Trying to replace some very large cleats vacated by Shawn Mayer and Bryan Scott, the Nittany Lions' stable of defensive backs did a good job Saturday of preventing the long ball and staying with receivers on deep passes, but had trouble defending the hook patterns at 10 to 15 yards. While a wet field made playing conditions less than ideal for either side of the ball, the defense limited the offense to just 334 yards passing and intercepted five passes.
However, quarterbacks Zack Mills and Michael Robinson combined to complete 17 of 29 passes for 246 yards, mostly against the first and second-team defenses.
While the two quarterbacks did throw an interception apiece, they each threw a touchdown pass to wideout Kinta Palmer.

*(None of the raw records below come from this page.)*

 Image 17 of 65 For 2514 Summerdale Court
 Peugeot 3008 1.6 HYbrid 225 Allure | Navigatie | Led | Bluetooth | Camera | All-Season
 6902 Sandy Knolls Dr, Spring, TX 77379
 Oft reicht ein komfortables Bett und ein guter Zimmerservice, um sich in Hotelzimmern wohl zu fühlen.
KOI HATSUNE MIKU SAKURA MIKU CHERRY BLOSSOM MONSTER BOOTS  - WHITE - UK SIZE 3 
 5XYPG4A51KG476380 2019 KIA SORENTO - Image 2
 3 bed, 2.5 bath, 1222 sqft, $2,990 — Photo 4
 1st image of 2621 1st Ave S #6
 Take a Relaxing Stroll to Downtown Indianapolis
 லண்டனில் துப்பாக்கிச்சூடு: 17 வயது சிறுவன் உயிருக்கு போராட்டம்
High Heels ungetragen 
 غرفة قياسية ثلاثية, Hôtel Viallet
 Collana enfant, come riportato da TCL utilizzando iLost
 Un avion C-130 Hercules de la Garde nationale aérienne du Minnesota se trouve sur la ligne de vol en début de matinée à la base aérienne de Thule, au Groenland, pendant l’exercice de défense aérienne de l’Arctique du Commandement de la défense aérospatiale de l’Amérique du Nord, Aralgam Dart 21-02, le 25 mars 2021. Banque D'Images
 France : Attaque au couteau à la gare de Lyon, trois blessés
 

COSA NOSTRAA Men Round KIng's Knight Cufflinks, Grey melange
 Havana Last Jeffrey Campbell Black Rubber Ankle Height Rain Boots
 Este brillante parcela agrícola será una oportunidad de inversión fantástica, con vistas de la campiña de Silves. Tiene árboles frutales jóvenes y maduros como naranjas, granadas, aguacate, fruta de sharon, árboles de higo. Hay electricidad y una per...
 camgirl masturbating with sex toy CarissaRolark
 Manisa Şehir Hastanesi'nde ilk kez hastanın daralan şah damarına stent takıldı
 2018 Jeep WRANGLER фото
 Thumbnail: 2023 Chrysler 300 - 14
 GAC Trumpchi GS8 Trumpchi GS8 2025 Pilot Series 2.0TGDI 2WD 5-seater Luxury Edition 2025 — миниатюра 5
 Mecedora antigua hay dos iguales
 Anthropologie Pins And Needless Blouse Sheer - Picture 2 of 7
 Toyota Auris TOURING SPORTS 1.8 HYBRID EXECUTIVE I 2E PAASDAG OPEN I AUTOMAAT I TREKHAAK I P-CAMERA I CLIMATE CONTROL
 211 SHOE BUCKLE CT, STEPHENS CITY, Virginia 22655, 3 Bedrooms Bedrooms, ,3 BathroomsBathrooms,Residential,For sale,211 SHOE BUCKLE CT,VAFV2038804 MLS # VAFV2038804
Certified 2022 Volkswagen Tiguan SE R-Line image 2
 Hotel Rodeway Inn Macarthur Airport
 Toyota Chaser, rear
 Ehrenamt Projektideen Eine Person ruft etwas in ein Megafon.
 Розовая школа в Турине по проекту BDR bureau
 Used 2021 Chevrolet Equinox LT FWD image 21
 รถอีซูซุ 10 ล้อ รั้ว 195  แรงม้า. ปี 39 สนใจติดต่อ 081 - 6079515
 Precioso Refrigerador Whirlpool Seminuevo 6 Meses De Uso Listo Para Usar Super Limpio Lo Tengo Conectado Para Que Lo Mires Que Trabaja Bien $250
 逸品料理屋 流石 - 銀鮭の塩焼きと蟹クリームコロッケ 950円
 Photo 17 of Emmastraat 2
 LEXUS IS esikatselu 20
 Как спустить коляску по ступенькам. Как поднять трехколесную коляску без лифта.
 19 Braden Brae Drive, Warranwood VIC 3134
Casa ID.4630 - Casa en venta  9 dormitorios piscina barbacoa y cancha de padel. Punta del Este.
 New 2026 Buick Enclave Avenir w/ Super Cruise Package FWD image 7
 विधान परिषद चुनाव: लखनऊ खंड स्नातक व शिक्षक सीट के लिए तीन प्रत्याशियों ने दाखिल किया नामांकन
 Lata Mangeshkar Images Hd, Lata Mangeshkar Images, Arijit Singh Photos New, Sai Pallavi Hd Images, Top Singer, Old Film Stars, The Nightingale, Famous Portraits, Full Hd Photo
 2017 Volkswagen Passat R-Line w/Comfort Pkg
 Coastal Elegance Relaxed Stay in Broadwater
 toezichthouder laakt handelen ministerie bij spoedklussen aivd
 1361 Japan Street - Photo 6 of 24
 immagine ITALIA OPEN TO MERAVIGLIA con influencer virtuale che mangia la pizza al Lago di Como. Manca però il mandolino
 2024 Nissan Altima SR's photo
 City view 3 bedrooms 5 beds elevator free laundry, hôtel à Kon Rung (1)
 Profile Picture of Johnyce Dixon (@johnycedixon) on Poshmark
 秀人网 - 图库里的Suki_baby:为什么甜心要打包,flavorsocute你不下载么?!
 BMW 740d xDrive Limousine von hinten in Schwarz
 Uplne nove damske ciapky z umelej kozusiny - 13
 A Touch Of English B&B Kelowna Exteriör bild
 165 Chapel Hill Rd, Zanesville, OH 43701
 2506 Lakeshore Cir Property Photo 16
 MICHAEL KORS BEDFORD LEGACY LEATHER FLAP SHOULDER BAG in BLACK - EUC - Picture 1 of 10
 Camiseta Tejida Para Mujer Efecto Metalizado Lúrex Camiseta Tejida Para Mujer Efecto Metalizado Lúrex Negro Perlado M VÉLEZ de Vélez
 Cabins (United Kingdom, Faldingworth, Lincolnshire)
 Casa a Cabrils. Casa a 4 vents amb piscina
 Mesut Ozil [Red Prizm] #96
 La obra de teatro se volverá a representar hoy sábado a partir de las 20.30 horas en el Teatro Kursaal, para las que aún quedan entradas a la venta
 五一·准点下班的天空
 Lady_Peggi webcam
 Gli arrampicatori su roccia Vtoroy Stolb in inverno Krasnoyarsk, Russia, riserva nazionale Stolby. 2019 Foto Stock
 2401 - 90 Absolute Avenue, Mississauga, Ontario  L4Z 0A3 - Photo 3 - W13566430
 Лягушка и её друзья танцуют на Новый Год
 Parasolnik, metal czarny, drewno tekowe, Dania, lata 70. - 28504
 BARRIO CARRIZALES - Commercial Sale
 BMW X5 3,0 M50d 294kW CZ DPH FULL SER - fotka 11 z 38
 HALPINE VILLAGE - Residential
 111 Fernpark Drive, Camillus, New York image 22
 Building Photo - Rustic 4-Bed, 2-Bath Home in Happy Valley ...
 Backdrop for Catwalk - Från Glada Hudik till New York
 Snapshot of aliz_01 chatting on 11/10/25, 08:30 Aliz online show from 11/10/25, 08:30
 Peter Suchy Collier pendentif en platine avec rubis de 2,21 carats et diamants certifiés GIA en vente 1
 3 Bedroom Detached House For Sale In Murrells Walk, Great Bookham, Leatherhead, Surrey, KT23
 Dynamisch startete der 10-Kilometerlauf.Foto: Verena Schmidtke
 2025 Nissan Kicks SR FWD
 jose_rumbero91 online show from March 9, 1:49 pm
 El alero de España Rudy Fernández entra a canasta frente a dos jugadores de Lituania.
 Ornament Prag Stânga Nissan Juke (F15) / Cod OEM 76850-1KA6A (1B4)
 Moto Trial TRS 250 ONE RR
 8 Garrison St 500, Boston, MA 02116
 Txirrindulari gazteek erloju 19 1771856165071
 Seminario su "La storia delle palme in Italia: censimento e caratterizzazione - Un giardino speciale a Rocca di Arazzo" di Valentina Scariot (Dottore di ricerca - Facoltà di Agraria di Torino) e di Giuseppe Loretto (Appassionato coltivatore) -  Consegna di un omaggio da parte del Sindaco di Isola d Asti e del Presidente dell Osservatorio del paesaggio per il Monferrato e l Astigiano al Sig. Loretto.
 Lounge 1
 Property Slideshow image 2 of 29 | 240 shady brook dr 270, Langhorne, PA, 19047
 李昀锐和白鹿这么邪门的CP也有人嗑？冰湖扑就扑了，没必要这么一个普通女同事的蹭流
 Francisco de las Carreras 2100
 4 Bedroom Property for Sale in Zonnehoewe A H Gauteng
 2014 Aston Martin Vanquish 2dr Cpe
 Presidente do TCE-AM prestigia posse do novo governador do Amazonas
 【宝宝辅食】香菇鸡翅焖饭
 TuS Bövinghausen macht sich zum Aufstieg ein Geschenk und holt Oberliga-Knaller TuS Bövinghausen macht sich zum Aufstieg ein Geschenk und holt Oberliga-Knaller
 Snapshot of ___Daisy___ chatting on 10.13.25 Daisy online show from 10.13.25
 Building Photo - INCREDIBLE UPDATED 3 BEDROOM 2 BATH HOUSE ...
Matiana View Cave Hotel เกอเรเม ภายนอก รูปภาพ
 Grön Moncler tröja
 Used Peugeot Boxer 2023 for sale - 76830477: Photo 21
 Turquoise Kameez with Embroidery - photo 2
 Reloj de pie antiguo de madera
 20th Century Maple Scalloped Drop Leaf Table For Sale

Robinson's six-pointer came on a fade pattern in the corner of the end zone seconds before halftime as the 6-foot-4 Palmer out-jumped the 5-foot-11 Maurice Humphrey, even though the latter had position. After the game, Humphrey said he owed a lot to Scott and Mayer.
"We definitely have big shoes to fill," said Humphrey, a redshirt freshman. "Bryan Scott and Shawn Mayer, those guys showed me a lot because last year I played scout offense and didn't play defense."
The other first-half touchdown pass came on a 57-yard bomb from Mills to Palmer, who split the safeties in a zone coverage scheme with a skinny post route. Senior cornerback Rich Gardner, who figures to be one of the starters next year, said that a player shouldn't let one bad play bother him.
"As a corner, you're always going to give up a play or two," Gardner said, emphasizing the importance of bouncing back the next play. "I've tried to work on that this spring, getting back and trying to keep that intensity level at 110 percent."
Safety Calvin Lowry, who played in four games last season as a true freshman before breaking his leg in the first half of last September's game against Iowa, said the intensity level in practice has been extremely high this spring because of the on-going competition.
"Whoever has the best day in preseason and shows what they can do, they're going to be the starter," Lowry said. "You've got to go out every day with the mentality that you are the starter."
Coming out of spring practice, Lowry, Humphrey, Gardner, sophomore cornerbacks Alan Zemaitis and Gio Vendemia and fifth-year senior Hero Yaacov Yisrael will figure prominently in the secondary rotation. Yisrael, who is rebounding from a torn anterior cruciate ligament he suffered last August, said he is feeling much healthier and that he sat out Saturday's game as more of a precaution.
"[My knee has] come a long way," Yisrael said. "It's close to 80 percent right now and I'm on track with everything. I just want to protect my knee right now and I don't want to risk anything."
While Yisrael sat out to protect his knee, the offense and defense protected their playbooks by running only about 20 or 25 plays, making it hard to get a feel for how either side would perform in a game situation.
The talent was evident in the secondary. How it manifests itself next season remains to be seen.